The academics said most of the thousands of studies investigating the effects of media over the past decade used people’s estimates of the amount of time they spend engaging with technologies or broadly categorized platforms such as ‘smartphone’, ‘social media’ or ‘entertainment media’.

Nevertheless, the range of content has become “too broad, patterns of consumption too fragmented, information diets too idiosyncratic, experiences too interactive, and devices too mobile,” for such simplistic characterization. Technologies now available can “allow researchers to record digital life in exquisite detail,” they said.

“Digital life is life these days. As we spend more of our life on our devices, so more of our life is expressed through these screens. This gives us a tremendous opportunity to learn about all aspects of human behaviour,” said Robinson to the Australian Financial Review.

Screenomics – the new tech

Tracking our digital life has become much easier. Instead of using a range of devices for different things, applications have been consolidated into smartphones and other mobile devices. At the same time, there are now tools available to see what people are doing on their screens.

The researchers are using so-called screenomics technologies to observe and understand our digital lives, minute by minute. The result of their initial work is a call for the Human Screenome Project, a collection of large-scale data that will inform knowledge of and solutions to a wide variety of social issues.

“Screenomics emerges from the development of systems for capturing and recording the details of individuals’ digital experiences,” said Ram to Penn News. “The system includes software that collects screenshots every five seconds on smartphones and laptop computers, extracts text and images, and allows analysis of the timing, content, function and context of digital life.”

In their article in Nature, the researchers outlined the possibilities of the technology. Over 600 participants have so far consented to use screenomics software on laptops and Android smartphones that were linked to the researchers’ secure computational infrastructure.

Participants then went about their daily lives while the system unobtrusively recorded their device use. In their initial analyses of these data, the researchers found that participants quickly changed tasks, approximately every 19 seconds on a laptop, and every 10 seconds on a smartphone.

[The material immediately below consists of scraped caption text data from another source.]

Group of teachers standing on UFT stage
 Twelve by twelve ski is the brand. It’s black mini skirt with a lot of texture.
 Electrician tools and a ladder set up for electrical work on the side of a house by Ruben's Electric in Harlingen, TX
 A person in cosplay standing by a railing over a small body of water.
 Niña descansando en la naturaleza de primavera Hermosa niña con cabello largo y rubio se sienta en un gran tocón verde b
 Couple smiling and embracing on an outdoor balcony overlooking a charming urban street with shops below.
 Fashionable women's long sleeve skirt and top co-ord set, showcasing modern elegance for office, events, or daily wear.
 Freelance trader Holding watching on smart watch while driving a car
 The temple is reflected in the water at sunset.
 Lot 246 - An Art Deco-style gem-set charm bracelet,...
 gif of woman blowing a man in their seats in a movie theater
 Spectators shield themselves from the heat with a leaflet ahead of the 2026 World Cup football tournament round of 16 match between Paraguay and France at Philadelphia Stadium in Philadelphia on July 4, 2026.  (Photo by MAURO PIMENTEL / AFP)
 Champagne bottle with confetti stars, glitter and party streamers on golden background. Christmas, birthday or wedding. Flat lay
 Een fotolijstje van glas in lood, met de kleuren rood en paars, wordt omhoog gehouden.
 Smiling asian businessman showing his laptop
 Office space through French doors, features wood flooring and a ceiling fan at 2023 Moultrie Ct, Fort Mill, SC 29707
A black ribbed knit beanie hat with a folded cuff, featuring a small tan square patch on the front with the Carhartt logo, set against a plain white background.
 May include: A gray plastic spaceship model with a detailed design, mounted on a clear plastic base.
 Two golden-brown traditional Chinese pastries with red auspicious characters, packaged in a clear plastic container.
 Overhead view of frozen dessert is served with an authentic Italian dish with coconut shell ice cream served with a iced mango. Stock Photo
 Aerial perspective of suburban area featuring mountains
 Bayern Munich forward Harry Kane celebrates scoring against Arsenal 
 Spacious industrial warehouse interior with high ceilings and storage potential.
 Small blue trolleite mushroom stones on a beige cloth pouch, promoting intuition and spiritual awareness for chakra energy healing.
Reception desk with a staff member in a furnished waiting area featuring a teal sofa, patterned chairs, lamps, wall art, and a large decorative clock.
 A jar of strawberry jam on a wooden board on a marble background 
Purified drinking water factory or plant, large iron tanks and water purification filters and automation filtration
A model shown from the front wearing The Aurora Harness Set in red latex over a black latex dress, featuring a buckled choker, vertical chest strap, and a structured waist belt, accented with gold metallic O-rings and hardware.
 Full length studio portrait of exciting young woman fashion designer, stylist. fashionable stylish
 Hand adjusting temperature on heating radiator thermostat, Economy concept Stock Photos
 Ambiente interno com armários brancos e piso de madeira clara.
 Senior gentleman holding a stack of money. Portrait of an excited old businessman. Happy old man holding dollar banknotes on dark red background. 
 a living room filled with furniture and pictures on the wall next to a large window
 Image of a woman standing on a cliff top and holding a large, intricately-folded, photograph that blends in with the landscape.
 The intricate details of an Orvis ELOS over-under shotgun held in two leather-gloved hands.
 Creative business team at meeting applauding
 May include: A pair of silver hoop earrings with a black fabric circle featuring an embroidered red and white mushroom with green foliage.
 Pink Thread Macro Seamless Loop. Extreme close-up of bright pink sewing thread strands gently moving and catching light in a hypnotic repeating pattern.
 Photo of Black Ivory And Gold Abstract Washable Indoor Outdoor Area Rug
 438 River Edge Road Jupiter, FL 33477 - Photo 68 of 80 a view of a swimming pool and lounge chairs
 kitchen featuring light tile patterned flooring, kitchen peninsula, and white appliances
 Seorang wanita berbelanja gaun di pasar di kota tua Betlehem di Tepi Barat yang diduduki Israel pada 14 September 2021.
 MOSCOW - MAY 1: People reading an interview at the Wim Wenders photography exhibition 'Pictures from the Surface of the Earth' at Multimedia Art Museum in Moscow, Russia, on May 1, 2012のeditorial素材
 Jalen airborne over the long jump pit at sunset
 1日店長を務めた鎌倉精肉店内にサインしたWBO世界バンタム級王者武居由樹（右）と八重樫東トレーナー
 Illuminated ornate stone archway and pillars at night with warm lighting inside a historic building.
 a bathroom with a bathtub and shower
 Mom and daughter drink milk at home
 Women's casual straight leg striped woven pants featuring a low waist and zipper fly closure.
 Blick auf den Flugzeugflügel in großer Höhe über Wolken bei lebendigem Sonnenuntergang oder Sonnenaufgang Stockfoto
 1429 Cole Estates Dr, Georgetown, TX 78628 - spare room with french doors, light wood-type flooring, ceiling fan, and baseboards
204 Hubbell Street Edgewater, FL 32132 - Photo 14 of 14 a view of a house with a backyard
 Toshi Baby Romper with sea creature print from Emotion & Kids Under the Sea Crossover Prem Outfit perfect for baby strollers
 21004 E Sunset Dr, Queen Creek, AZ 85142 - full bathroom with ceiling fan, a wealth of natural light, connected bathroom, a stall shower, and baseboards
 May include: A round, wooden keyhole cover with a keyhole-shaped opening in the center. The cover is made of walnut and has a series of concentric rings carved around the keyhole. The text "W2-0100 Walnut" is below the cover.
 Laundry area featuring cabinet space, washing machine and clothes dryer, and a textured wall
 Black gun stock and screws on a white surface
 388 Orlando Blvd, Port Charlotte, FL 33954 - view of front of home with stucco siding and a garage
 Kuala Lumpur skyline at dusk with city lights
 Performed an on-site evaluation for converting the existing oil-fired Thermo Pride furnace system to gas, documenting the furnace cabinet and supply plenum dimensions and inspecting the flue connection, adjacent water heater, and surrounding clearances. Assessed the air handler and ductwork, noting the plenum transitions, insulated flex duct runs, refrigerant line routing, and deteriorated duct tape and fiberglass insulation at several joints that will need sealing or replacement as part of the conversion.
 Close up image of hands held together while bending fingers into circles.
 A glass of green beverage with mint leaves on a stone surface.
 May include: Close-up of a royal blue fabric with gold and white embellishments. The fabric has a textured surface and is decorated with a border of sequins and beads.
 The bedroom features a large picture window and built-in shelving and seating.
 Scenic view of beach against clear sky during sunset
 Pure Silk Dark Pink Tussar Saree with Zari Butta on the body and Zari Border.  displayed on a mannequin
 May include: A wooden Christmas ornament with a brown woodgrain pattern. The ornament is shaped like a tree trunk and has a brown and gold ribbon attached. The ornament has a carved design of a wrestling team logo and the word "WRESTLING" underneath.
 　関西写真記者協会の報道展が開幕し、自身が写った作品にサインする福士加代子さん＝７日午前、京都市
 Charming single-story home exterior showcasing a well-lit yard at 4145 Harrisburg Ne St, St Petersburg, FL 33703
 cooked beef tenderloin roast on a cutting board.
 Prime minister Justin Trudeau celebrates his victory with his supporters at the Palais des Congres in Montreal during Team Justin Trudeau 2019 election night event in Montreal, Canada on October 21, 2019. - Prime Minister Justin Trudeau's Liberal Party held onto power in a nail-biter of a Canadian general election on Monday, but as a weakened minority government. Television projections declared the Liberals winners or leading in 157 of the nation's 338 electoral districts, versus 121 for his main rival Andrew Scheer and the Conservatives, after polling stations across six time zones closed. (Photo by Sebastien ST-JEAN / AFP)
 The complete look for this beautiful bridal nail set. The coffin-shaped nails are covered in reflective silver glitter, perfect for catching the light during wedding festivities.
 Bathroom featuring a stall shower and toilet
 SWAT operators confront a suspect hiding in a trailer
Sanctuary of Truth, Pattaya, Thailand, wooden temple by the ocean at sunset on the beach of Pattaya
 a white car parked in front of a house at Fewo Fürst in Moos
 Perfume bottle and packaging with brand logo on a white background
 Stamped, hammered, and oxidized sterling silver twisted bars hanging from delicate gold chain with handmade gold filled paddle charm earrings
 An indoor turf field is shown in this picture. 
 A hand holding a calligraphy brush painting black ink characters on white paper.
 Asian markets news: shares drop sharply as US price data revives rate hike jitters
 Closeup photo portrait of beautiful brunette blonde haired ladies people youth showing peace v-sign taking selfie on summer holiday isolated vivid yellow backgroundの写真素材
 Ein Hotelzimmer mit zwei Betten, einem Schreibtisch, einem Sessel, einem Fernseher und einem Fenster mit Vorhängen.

All the information collected includes indicators of health and well-being and can be shared with larger interdisciplinary projects. Reeves, Robinson and Ram suggested that researchers wishing to study digital life could even create a repository that everyone can contribute to and use.

That type of large interdisciplinary project they call for would have far-reaching benefits for all areas of life touched by digital technology. “In the future, it might be possible for various apps to ‘interact’ with an individual’s screenome and to deliver interventions that alter how people think, learn, feel and behave,” said Ram.